• _WHAT THE EXERCISE ASKS_
Repeat the listing below exactly. Pictures do not belong in the copy.

• _DATA BELOW_

********

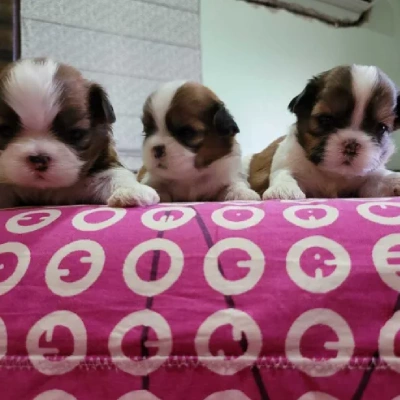 Shih Tzu puppies for sale in Jodhpur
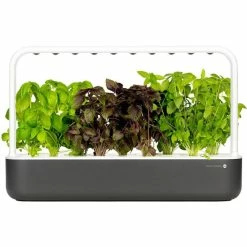 Bestes Angebot 😍 Emsa Gewächsstation CLICK&GROW SMART GARDEN 9 Grau 👍 -Thermos cup Sale unnamed file 2296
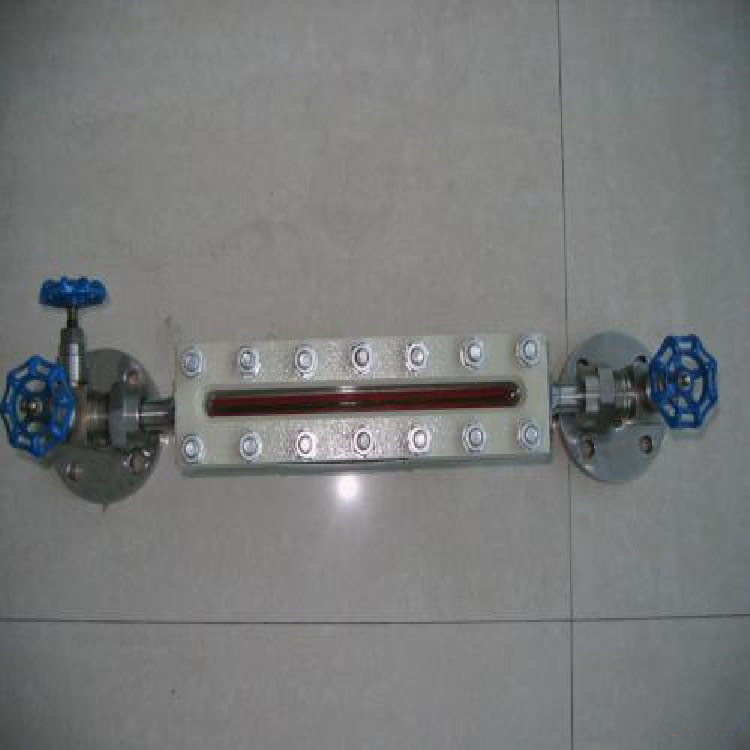 UDZ-3不锈钢玻璃管远传液位计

********

• _ANSWER TO THE PROBLEM_
 Shih Tzu puppies for sale in Jodhpur
 Bestes Angebot 😍 Emsa Gewächsstation CLICK&GROW SMART GARDEN 9 Grau 👍 -Thermos cup Sale unnamed file 2296
 UDZ-3不锈钢玻璃管远传液位计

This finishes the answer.